- Born: July 3, 1917 Guling, China
- Died: February 9, 2008 (aged 90) Moanalua
- Citizenship: United States
- Education: Columbia University
- Known for: Comparative Public Administration, Riggs Award for Lifetime Achievement in International and Comparative Public Administration
- Scientific career
- Fields: Political Science, Public Administration
- Workplaces: University of Hawaii

= Fred W. Riggs =

American academic

Fred W. Riggs (July 3, 1917 in China - February 9, 2008 in USA) was an American political scientist and pioneer of comparative public administration. He has been described as "a towering figure in the field", one of the "founders of the field", and as an "energetic pioneer" in comparative research. One commentator observed in 2012 that Riggs' work "is so extensive and creative that it has become an area of study by itself."
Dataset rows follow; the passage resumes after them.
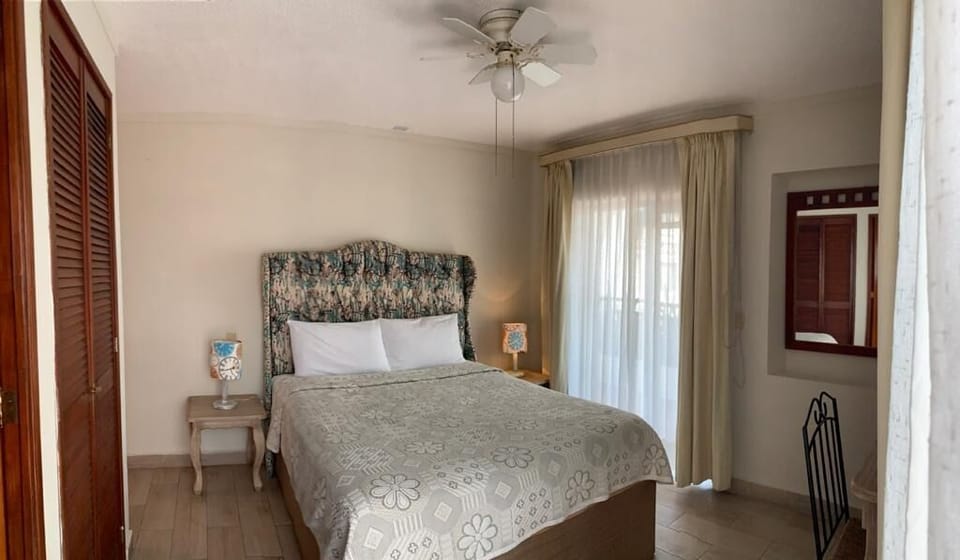 Standard Room, 1 Queen Bed | Desk, blackout drapes, WiFi (free), bed sheets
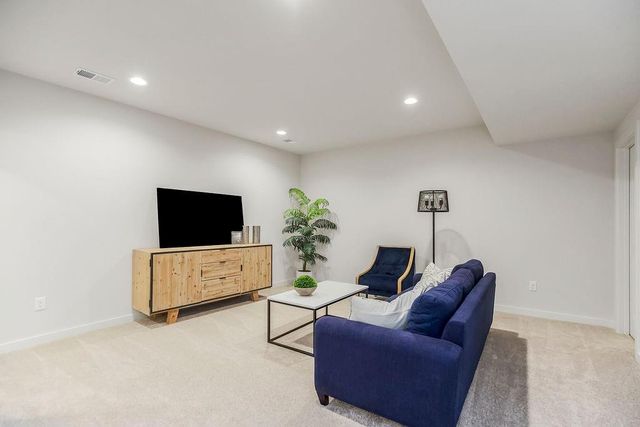 5008 N 146th Street, Basehor, KS 66007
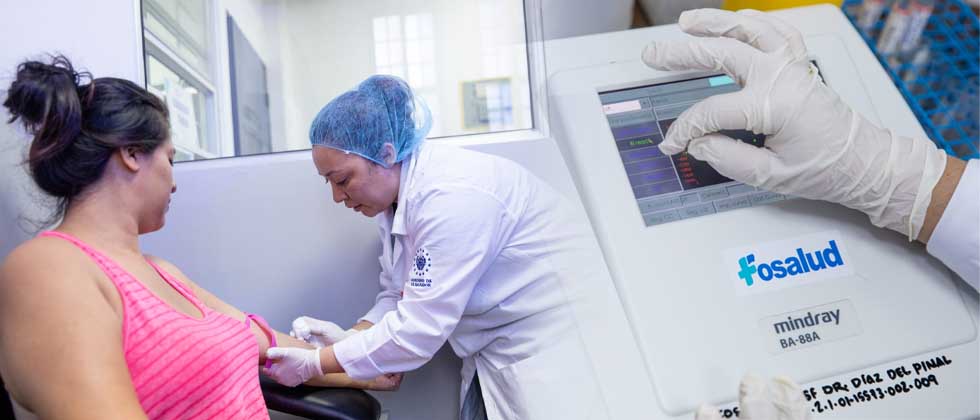 Habilitan laboratorios de Fosalud que beneficiarán a más de 200 mil personas
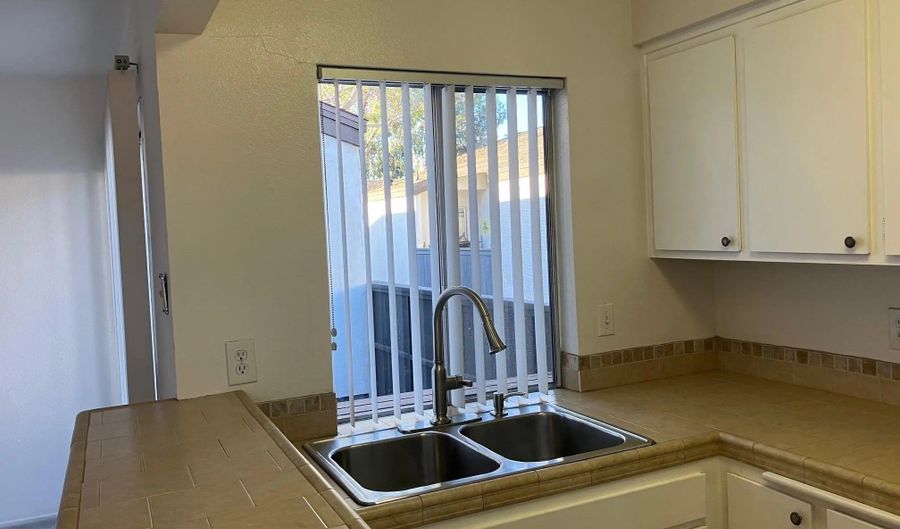 1361 Caminito Gabaldon D, San Diego, CA 92108 - 1 Beds, 1 Bath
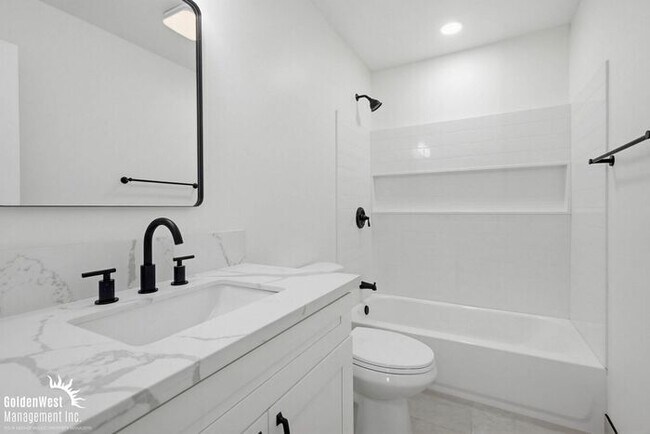 Building Photo - Newly Renovated 2Bdm 1Ba Apartment with Modern Upgrades in Chula Vista!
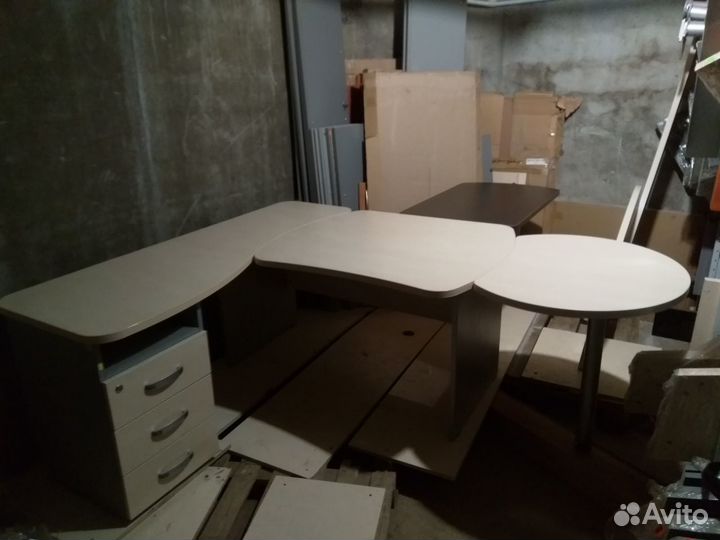 Стол руководителя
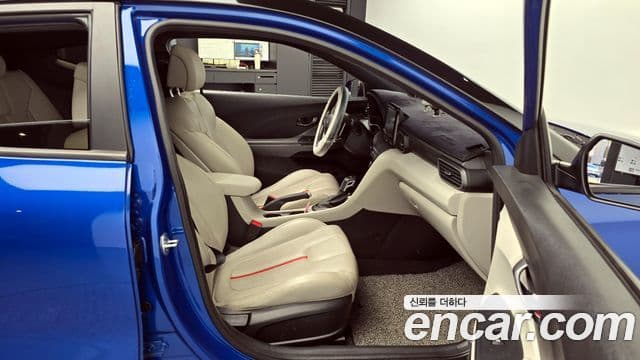 Hyundai Veloster (JS) Core, 2018 10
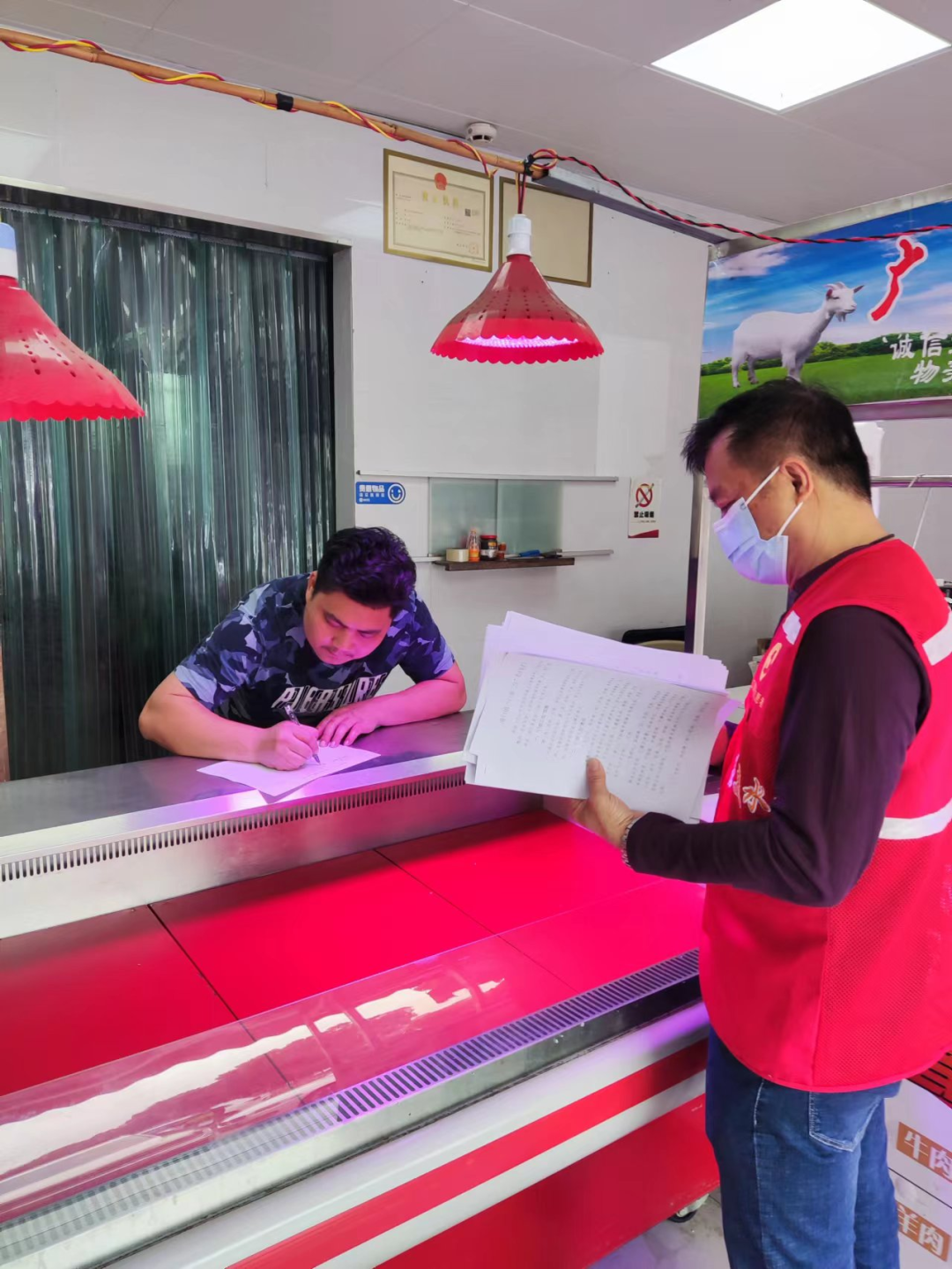 【争创全国文明典范城市】部门联动强管理，港口镇全力整治提升农贸市场环境4.png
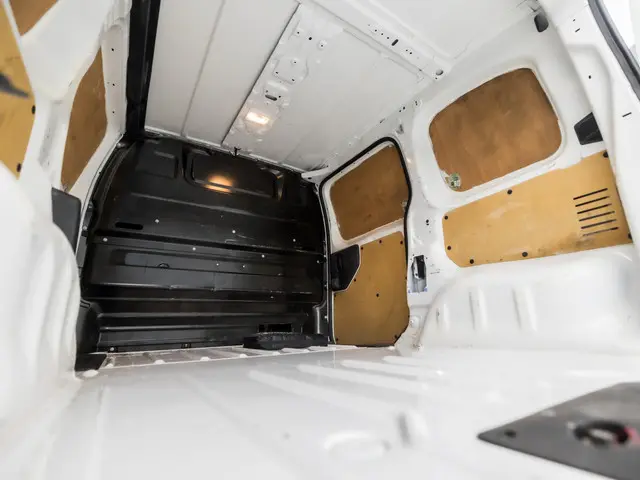 Peugeot Expert 231C 2.0 BlueHDI 120 Pro 2019 Diesel 18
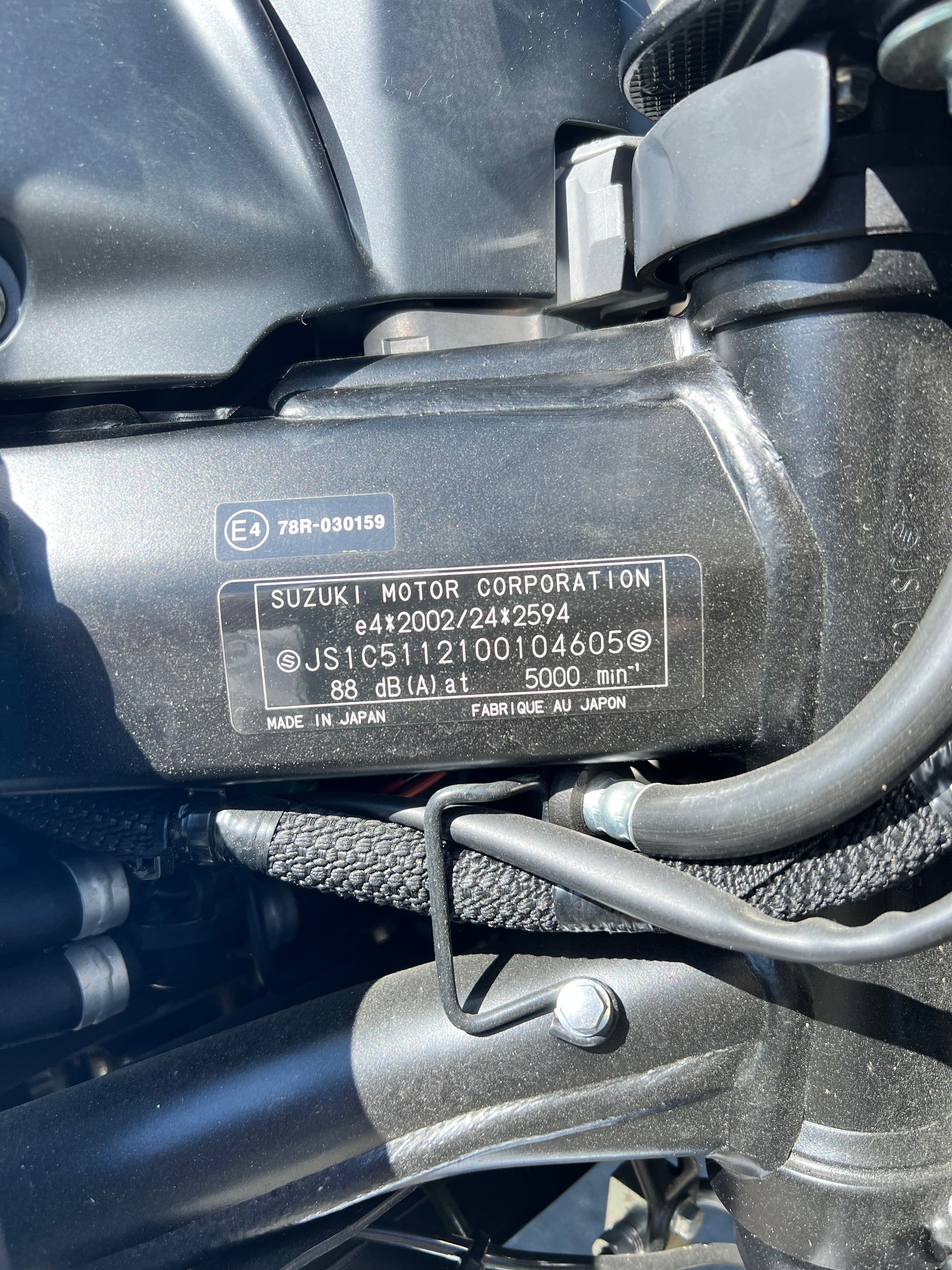 SUZUKI GSR 750 ABS-image-3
Riggs was the founder and first chairperson of the Comparative Administration Group, which was later reorganized as the Section on International and Comparative Administration of the American Society for Public Administration. Riggs "managed the group . . . [and] provided intellectual leadership." The Comparative Administration Group undertook a large number of studies around the world in the 1960s and early 1970s that were funded by the Ford Foundation. One assessment says that the Group did "monumental work" under Riggs leadership, although not without attracting criticism.

As a theorist, Riggs was most famous for his "prismatic theory of public administration." His most influential book on this topic was Administration in Developing Countries: The Theory of Prismatic Society (1964).

A 2019 study found that Riggs was the most frequently mentioned scholar in examination questions relating to public administration posed by India's Union Public Service Commission over the preceding twenty years.

The Riggs Award for Lifetime Achievement in International and Comparative Public Administration is named in his honor. A one-day Riggs Symposium is also held as part of the annual conference of the American Society for Public Administration.

Riggs ended his career as professor emeritus at Political Science Department of University of Hawaii.

== Awards==
Awards:
- Dwight Waldo award for lifetime achievements in Public Administration, American Society for Public Administration, April 1991.
- Order of White Elephant, conferred by King of Thailand, in Bangkok, 1986.
- First non-Asian to be honored by Eastern Regional Organization for Public Administration, EROPA Conference, Seoul, Korea, 1983.
- Fellow, Center for Advanced Study in the Behavioral Sciences, Stanford, 1966–67.
- Senior Specialist, East-West Center, University of Hawaii, 1962–1963.
- Fellow, Committee on Comparative Politics of the Social Science Research Institute, for field research in Thailand, 1957–58.